The issue is going to be because the corvette hubs use a passive sensor where as the Kappas use an active. The difference between the 2 systems is simple. active needs power to work and passive does not. Passive sensors generate their own voltage. That voltage is AC volts and the amount of voltage that is generated is tied with how fast the wheel is spinning.

You can test this pretty easily by setting a volt ohm meter to AC volts and setting the range on that meter to 10 volts or so. Connect the test leads to the 2 wires on the sensor and spin the wheel. If you get a reading on your meter then it's a passive sensor. If you do not get a reading them it is active.

If you want to confirm the sensor is active you can do this by using a phone charger, cheap led and a 220 ohm resistor. Connect the ground wire from the phone charger to the cathode lead on the LED, this will usually be the shorter of the 2 leads. You can also locate the cathode lead because on the bottom edge of the LED there will be a flat spot and the lead closest to that flat spot is the cathode lead. Connect your resistor to the anode lead on the LED (the other lead) and then connect the other end of the resistor to one of the wires on the wheel speed sensor. Connect the positive from the phone charge to the other wire on the wheel speed sensor. Plug the phone charger in and spin the wheel on the car. The LED should blink on and off when you do that.

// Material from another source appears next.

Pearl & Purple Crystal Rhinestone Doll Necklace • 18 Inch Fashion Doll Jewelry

So what you need is something that will convert an AC waveform into a PWM wave form. Yes this can be done and it's really not that hard to do.

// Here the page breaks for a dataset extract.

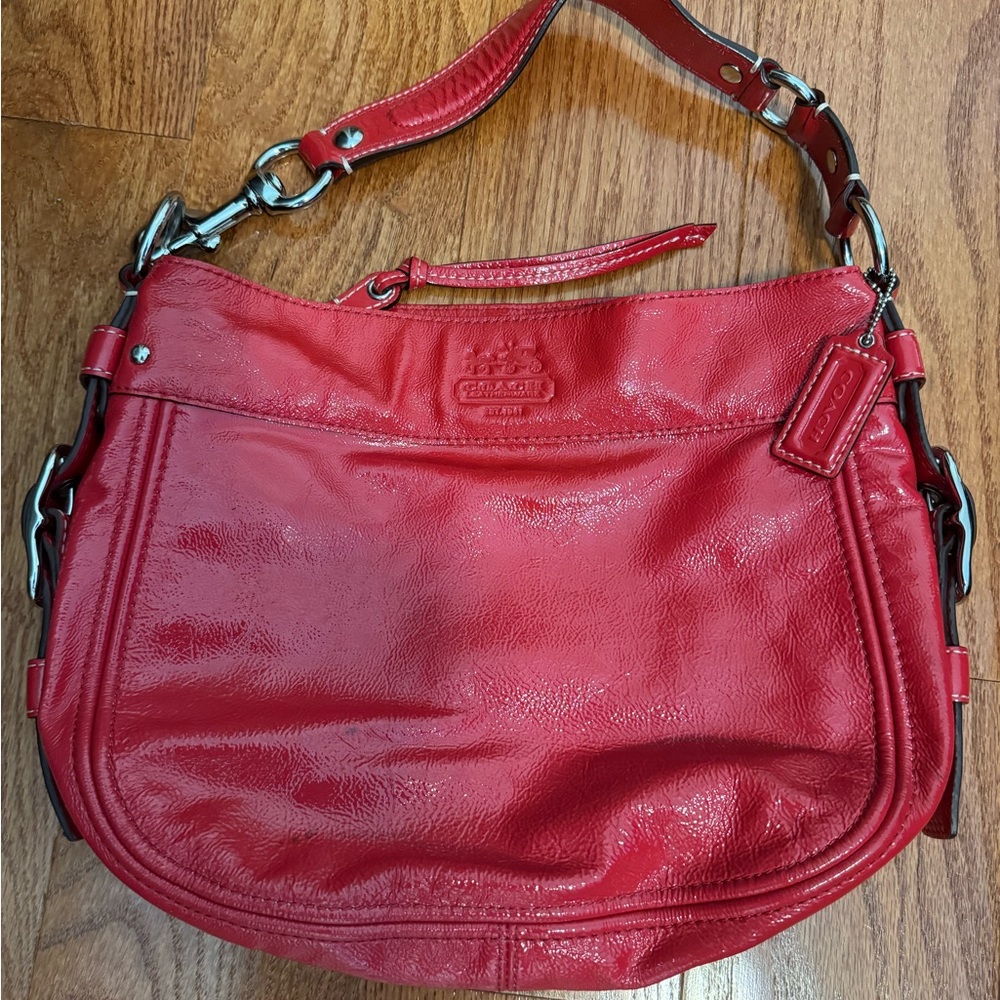 Coach Red Leather Crescent Shoulder Bag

Here is a part that might work. It is hard to tell from the description but if you look at the wording it states "not able to convert signals from 2-wire hall type ABS sensors."

We are not wanting to convert "from" a hall sensor type ABS. we are wanting to convert from a variable-reluctance (VR) "to" a hall type sensor. It also states " these modules cannot be connected to a 12V power source" which there are some vehicles (BMW) that use a 12v supply voltage to their sensors and those sensors are typically hall type sensors. I believe that these modules will not work on those types of sensors. That being said the Solstice uses a 5v sensor and the corvette has the VR sensors, so these should work.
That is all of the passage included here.